Look for the word "Appartement" in the records, and copy each line where it appears.

* * *

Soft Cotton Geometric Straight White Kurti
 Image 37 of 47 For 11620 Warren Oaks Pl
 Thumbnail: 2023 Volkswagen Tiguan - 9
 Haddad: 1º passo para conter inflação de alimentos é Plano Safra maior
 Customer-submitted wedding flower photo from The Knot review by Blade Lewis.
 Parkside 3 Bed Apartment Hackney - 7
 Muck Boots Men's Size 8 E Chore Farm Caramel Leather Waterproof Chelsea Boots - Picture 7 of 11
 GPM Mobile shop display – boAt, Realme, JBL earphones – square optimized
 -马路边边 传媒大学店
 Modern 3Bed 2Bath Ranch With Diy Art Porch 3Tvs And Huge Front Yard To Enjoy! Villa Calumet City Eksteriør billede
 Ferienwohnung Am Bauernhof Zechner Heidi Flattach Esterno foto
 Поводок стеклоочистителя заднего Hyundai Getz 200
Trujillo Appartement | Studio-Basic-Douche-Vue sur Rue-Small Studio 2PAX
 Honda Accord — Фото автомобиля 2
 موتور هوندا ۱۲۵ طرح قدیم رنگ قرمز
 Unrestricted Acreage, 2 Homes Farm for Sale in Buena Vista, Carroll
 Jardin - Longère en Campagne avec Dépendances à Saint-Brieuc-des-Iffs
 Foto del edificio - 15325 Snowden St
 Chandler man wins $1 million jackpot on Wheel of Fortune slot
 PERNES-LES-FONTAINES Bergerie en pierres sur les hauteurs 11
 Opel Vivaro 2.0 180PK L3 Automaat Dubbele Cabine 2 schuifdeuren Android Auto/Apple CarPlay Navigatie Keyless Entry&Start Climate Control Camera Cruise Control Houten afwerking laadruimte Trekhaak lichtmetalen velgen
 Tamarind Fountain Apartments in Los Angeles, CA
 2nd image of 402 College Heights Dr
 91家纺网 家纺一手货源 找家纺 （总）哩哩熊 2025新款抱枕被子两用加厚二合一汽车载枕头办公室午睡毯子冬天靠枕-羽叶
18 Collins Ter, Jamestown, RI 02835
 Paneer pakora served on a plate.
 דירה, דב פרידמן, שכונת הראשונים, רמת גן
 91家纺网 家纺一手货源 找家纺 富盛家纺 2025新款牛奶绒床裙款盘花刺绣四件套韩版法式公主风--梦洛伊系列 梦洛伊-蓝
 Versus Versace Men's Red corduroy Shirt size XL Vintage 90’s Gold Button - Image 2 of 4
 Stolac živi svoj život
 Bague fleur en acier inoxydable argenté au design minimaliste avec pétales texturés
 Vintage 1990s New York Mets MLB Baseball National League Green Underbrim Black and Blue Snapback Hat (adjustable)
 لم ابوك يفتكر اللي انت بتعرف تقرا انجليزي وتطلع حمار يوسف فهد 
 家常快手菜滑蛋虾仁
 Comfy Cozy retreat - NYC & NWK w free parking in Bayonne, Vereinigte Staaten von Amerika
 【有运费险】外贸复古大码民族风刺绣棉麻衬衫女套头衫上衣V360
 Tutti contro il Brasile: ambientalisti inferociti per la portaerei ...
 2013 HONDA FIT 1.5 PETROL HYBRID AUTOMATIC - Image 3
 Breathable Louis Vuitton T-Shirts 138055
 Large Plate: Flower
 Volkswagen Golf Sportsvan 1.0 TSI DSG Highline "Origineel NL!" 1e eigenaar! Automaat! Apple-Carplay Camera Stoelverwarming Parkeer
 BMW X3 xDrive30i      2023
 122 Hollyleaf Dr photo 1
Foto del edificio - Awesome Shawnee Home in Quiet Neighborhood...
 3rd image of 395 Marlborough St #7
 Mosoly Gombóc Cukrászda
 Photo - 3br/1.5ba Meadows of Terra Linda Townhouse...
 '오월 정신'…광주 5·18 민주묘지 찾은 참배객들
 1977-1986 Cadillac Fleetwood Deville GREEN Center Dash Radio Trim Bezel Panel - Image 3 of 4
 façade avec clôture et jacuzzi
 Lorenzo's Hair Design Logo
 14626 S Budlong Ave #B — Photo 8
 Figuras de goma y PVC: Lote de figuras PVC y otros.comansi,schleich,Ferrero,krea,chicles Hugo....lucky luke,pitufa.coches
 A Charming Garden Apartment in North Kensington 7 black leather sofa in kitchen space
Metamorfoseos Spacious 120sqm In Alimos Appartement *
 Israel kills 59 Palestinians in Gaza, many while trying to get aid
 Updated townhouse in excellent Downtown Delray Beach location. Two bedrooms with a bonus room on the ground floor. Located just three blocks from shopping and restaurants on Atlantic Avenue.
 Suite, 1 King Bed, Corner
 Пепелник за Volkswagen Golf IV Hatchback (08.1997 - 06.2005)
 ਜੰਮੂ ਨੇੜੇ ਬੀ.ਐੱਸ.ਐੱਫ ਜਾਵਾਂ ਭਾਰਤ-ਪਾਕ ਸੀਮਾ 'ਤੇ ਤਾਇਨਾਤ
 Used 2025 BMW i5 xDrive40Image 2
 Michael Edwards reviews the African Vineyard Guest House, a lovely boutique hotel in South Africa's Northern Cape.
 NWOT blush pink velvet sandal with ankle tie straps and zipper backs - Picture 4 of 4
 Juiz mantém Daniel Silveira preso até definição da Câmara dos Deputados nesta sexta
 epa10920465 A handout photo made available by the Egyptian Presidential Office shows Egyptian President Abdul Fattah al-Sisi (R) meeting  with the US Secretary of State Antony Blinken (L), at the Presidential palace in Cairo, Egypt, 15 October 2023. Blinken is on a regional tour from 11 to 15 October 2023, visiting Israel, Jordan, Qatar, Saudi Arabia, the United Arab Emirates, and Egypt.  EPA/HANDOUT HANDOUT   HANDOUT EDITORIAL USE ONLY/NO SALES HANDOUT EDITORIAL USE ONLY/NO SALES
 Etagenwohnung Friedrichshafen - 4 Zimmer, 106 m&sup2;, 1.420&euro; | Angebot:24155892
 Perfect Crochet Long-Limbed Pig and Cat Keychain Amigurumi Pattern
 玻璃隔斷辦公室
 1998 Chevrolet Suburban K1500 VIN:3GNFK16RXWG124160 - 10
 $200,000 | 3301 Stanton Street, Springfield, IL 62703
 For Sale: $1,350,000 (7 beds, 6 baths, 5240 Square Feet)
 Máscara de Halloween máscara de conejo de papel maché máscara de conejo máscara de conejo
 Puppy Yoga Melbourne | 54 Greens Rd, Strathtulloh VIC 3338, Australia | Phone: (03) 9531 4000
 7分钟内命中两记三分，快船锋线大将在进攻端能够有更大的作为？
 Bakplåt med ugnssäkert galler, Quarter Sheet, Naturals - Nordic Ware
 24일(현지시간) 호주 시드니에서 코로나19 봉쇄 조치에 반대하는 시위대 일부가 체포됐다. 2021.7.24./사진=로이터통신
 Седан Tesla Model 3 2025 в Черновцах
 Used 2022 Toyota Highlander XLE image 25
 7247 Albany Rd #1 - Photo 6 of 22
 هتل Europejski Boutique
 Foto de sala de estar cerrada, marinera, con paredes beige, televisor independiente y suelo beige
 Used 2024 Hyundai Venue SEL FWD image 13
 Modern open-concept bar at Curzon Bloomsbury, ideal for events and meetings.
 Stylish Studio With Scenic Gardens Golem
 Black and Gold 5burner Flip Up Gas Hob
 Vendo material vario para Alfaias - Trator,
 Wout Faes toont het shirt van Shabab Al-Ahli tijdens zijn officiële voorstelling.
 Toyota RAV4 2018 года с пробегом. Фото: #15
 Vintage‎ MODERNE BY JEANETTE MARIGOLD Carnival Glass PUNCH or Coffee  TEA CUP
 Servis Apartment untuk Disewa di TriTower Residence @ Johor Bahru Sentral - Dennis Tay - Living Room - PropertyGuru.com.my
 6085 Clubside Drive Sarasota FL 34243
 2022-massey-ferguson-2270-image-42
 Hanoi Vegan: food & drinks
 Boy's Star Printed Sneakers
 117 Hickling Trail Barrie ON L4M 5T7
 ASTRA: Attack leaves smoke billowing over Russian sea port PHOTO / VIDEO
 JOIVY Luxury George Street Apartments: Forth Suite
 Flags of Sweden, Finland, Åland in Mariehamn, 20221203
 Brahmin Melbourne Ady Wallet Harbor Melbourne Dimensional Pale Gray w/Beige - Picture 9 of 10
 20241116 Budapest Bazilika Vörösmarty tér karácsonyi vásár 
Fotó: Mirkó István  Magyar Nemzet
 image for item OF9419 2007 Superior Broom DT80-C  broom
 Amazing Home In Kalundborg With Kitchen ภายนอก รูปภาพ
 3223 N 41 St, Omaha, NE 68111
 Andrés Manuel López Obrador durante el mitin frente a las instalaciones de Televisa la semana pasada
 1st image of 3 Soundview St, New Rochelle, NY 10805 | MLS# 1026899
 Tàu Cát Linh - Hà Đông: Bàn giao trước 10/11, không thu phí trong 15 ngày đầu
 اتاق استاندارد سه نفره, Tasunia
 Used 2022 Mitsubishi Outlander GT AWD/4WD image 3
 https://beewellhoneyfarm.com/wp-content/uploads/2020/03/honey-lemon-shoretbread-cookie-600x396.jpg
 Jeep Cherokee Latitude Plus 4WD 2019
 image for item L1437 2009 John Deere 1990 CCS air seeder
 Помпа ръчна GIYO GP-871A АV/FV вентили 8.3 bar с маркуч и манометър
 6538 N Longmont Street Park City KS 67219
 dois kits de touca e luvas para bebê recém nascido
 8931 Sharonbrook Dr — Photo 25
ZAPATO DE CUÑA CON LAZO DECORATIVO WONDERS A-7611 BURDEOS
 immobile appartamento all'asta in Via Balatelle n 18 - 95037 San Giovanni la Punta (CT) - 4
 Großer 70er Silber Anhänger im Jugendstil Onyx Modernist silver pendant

* * *

_Response below:_
Trujillo Appartement | Studio-Basic-Douche-Vue sur Rue-Small Studio 2PAX
Metamorfoseos Spacious 120sqm In Alimos Appartement *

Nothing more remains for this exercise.